Similarly, Watanabe et al. (J. Organometal. Chem. 290 (1985) 249) reported that n-butylamine reacts with nitrobenzene and carbon monoxide in the presence of a platinum compound to give a mixture of N,N'-dibutylurea (46%), N-butyl-N'-phenylurea (46%), and N,N'-diphenylurea (6%).
UK Patent Application GB 2 233 973A teaches a process in which a primary aliphatic amine reacts with a nitroarene and carbon monoxide in the presence of a rhodium catalyst to give only the symmetric N,N'-dialkylurea and a primary aromatic amine. No unsymmetric urea is produced. When a secondary aliphatic amine is used in place of the primary aliphatic amine, only traces of urea products are detected.

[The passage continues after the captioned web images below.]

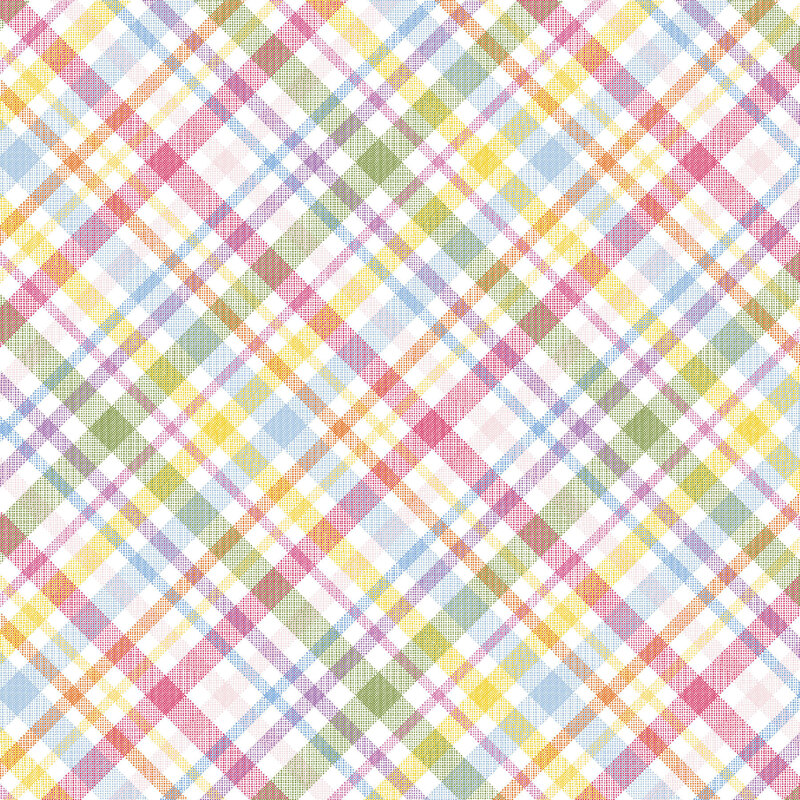 White fabric with a bright spring-colored gingham print.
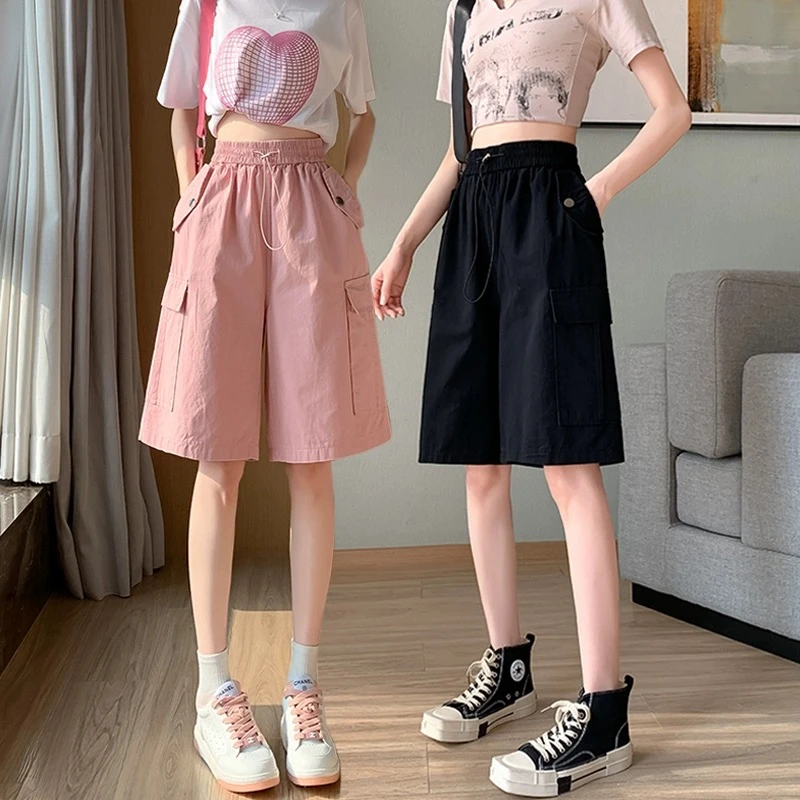 薄款冰丝阔腿工装裤子女2025年夏季新款小个子高腰宽松五分直筒裤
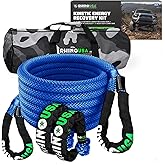 Rhino USA Kinetic Rope Recovery Kit (7/8in x 30ft) - Heavy Duty Offroad Snatch Strap - Includes 2 Soft Shackle for UTV, ATV, Truck, Car, Jeep, Tractor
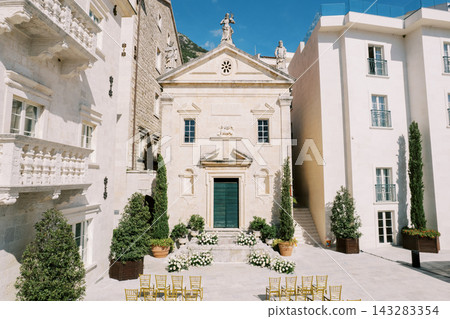 Wedding ceremony setup at St. Mark's Church in Perast Montenegro 143283354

East German Patent No. 227,700 (Chem. Abstracts 104 224726v) teaches to prepare N,N-dimethyl-N'-phenylurea from nitrobenzene, CO, and dimethylamine in the presence of a sulfur/vanadium pentoxide catalyst system. The reference teaches the criticality of the vanadium pentoxide, and does not suggest using a Group VIII metal catalyst for the process.
The references discussed in the preceding paragraphs make it clear that a synthesis of an unsymmetric urea from a nitroarene and a secondary amine using a Group VIII transition metal catalyst is likely to give, if anything, a complicated mixture of urea products. On the other hand, a selective process for producing trisubstituted ureas, especially N'-aryl-N,N-dialkylureas, is desirable because these ureas are easily cracked in the presence of various promoters to give aryl isocyanates.